» **What the exercise asks**:
Your answer should be the full data, transcribed exactly, with no pictures in it.

» **Information shown**:
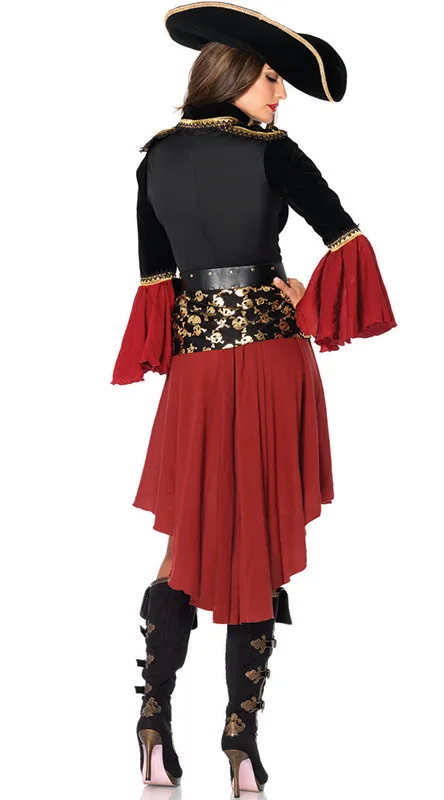 Deluxe Adult Female Cruel Seas Captain Buccaneer Pirate Cosplay Costume Women's Sexy Halloween Fancy Dress | Тематическая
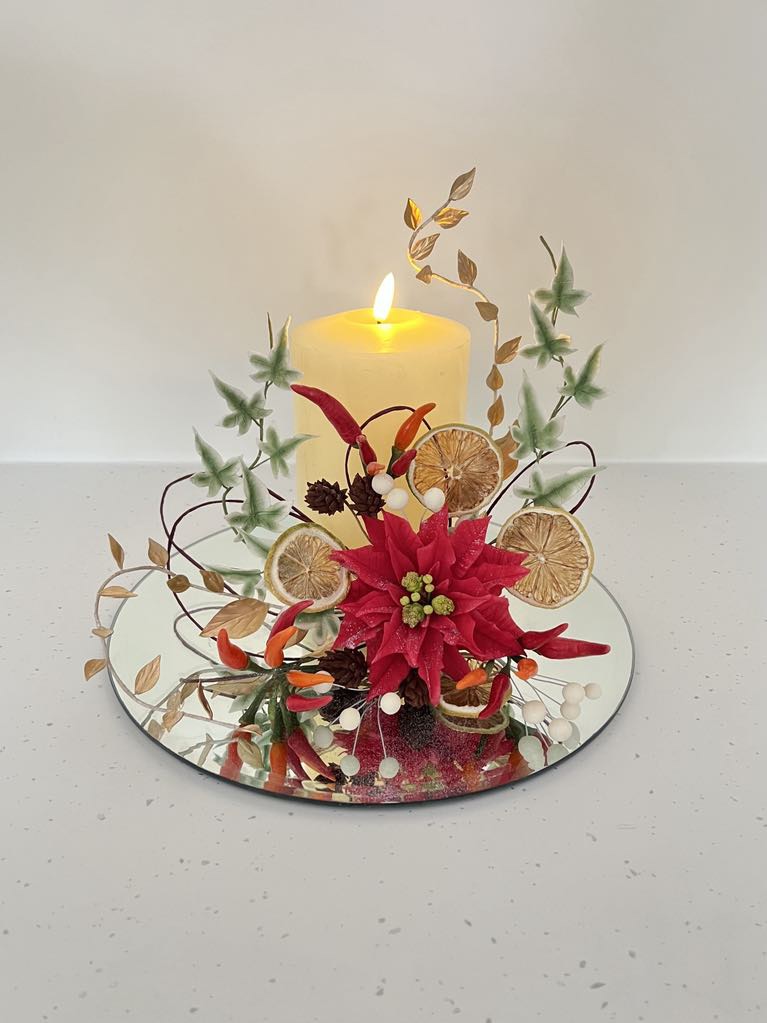 November Tuesday Morning Christmas Sugar Flowers 'Festive Candle Arrangement'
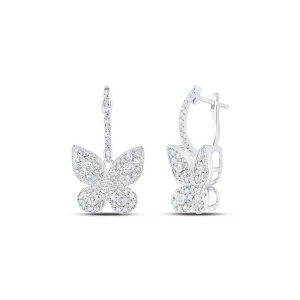 Whimsical Diamond Butterfly Earrings - 10kt White Gold, 5/8 Cttw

» **Solution to the problem**:
 Deluxe Adult Female Cruel Seas Captain Buccaneer Pirate Cosplay Costume Women's Sexy Halloween Fancy Dress | Тематическая
 November Tuesday Morning Christmas Sugar Flowers 'Festive Candle Arrangement'
 Whimsical Diamond Butterfly Earrings - 10kt White Gold, 5/8 Cttw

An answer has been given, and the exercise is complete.